Aim of the task: Up to and including the line with "Ladies SZ S", restate the records below word for word, beginning with their first line.

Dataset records
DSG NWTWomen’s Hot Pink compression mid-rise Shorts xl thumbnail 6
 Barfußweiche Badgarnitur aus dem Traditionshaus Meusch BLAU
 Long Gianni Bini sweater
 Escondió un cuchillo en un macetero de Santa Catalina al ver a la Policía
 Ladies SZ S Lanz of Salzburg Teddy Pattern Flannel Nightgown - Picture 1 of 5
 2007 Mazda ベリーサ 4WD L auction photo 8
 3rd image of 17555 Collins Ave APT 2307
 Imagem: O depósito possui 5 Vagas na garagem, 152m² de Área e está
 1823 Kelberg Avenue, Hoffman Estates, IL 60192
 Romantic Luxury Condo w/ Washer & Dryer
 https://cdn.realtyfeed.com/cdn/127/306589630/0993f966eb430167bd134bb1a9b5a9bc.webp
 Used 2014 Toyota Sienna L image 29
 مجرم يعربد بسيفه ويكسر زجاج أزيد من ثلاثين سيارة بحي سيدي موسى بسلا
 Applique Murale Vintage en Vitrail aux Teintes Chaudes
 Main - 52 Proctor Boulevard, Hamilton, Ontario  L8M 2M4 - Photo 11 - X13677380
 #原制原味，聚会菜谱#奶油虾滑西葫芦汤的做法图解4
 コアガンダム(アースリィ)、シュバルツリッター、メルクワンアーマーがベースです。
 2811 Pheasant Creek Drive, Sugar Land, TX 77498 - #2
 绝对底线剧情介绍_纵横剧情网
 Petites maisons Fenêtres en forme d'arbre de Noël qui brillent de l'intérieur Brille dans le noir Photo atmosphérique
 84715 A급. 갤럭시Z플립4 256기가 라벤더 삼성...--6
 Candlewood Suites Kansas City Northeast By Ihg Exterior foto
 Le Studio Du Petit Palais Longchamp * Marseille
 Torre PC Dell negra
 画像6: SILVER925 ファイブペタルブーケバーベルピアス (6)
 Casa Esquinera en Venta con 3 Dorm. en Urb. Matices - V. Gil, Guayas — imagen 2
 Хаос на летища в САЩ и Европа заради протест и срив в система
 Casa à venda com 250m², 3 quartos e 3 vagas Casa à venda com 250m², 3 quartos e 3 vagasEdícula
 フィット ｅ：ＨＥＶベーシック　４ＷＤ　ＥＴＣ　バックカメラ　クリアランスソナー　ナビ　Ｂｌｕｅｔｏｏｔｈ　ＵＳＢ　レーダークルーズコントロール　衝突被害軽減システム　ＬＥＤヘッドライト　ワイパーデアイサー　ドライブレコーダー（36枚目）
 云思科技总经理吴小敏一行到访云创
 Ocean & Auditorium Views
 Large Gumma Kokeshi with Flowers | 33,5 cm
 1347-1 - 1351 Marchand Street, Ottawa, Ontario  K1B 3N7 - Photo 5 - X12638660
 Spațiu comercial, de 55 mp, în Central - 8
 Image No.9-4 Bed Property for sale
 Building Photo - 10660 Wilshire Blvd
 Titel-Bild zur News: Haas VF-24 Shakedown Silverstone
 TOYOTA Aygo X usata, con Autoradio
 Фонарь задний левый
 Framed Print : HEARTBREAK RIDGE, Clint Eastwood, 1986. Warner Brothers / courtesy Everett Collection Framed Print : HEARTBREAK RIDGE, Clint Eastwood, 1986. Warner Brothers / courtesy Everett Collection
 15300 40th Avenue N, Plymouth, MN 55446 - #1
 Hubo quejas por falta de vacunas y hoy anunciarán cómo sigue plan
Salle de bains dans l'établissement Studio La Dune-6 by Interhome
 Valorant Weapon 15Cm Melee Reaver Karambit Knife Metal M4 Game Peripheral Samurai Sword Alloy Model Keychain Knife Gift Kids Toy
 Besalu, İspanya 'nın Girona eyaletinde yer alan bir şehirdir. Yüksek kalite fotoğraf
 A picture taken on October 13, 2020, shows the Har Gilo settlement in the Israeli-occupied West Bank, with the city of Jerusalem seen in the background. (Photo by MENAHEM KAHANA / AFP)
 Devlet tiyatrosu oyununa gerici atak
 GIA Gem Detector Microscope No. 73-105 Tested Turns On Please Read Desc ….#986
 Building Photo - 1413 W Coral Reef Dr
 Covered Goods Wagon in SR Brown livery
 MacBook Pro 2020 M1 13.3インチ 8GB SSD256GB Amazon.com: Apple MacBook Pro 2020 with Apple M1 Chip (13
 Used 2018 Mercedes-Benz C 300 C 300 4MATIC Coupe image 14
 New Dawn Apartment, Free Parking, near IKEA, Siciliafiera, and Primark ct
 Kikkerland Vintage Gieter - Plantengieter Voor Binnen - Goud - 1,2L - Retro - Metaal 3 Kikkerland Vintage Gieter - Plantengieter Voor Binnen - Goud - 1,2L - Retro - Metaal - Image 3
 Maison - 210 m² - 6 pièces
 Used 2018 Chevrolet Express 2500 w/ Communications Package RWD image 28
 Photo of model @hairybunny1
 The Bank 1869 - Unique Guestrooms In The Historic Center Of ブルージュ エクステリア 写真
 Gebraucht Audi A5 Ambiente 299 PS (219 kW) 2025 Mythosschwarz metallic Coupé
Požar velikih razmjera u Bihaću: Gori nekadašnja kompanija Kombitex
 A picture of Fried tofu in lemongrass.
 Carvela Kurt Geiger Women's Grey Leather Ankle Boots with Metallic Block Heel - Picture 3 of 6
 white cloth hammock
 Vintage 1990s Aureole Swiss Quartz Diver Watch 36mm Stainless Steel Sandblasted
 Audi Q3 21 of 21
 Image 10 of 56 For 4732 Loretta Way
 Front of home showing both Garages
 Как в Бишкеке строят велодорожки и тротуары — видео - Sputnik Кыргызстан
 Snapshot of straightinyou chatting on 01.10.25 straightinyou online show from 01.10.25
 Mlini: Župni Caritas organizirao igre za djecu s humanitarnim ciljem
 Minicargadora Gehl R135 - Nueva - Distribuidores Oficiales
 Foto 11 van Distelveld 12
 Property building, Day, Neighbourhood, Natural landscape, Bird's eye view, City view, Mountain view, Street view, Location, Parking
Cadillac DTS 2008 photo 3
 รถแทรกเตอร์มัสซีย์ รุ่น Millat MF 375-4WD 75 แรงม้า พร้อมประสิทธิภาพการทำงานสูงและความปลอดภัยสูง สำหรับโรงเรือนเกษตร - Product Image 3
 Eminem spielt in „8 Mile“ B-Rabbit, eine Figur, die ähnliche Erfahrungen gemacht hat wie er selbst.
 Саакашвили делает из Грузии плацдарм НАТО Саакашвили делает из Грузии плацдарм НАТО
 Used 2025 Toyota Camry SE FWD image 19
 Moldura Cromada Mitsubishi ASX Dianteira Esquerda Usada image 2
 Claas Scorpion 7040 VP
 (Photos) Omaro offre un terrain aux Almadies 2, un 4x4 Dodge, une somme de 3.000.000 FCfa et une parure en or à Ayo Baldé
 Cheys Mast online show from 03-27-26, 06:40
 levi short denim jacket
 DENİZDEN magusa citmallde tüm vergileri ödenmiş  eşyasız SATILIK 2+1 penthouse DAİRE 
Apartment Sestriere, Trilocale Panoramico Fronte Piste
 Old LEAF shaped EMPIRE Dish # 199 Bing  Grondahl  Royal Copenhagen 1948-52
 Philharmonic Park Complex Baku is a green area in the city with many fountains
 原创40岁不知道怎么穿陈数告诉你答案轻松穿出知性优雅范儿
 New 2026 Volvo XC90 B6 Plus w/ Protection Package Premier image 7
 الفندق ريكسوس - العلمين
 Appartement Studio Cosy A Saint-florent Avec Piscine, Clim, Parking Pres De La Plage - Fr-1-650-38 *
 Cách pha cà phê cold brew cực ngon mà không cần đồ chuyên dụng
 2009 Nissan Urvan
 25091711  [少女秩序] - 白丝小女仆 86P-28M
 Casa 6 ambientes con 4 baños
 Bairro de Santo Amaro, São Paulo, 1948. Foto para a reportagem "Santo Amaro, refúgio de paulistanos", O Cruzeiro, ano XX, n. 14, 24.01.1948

Solution:
DSG NWTWomen’s Hot Pink compression mid-rise Shorts xl thumbnail 6
 Barfußweiche Badgarnitur aus dem Traditionshaus Meusch BLAU
 Long Gianni Bini sweater
 Escondió un cuchillo en un macetero de Santa Catalina al ver a la Policía
 Ladies SZ S Lanz of Salzburg Teddy Pattern Flannel Nightgown - Picture 1 of 5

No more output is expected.